Friendly reminder, the Press of A.C.’s John Santore was reporting Gov. Christie might use a PILOT veto to force regionalization of the A.C. Police Department and privatization of other city agencies, back in November.

Meanwhile the Press’s Reuben Kramer reports on the $168 million the city owes the Borgata after the casino successfully appealed its property taxes. Mayor Don Guardian yesterday “floated two potential paths to resolution” of this debt, neither particularly appealing to the executive jobs-creators who brought you such innovations as the Borgata Babe.

Longtime South Jersey high school football coach Vince McAneney has died, the Courier-Post reports. McAneney coached for 36 seasons at a number of schools around the Delaware Valley.
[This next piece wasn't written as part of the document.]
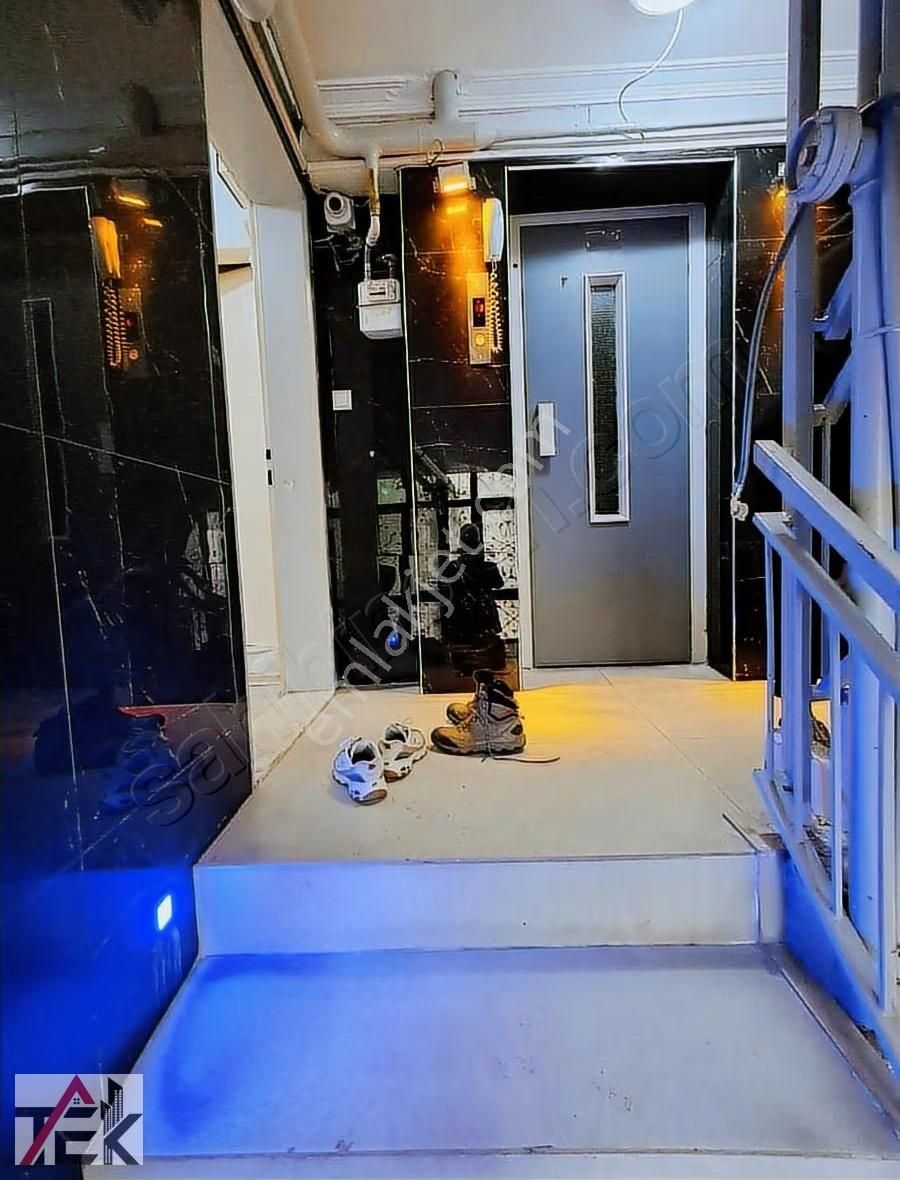 Osmangazi'de Site İçerisinde Yüksek Giriş 3+1 140m2 Satılık - Görsel 25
NJ Spotlight has a Q&A with the director of the NJ Farm Bureau, Peter Furey, who told the ‘light that, “the cost and availability of seasonal labor” was the biggest “struggle” for the state’s farmers.

Bob Patterson enters the race for NJ’s first congressional district. PolitickerNJ nicely analyzes.

Apparently it’s going to snow. Maybe? We’ve been over this.

Big high school basketball tournament at Holy Spirit this weekend. Games run noon to 7pm Saturday and Sunday. The legendary Tom Williams reports. Admission’s six dollars.

A Woowich man was sentenced to six years in prison for running a Ponzi scheme. Distressed homes, real estate fraud, etc. Jeff Blumenthal of the Philadelphia Business Journal reports.

Quail! They’re apparently all over South Jersey. Or soon will be, after a reintroduction project that began last April. Numbers had fallen off dramatically from the 1960s through the beginning of this decade.

And 59% of New Jerseyans questioned said they would support (subscription) a constitutional amendment to require quarterly pension payments by the state, according to a Fairleigh Dickinson University PublicMind poll. Himself (Chris Christie) devoted a goodly chunk of the State of the State speech to criticizing such payments.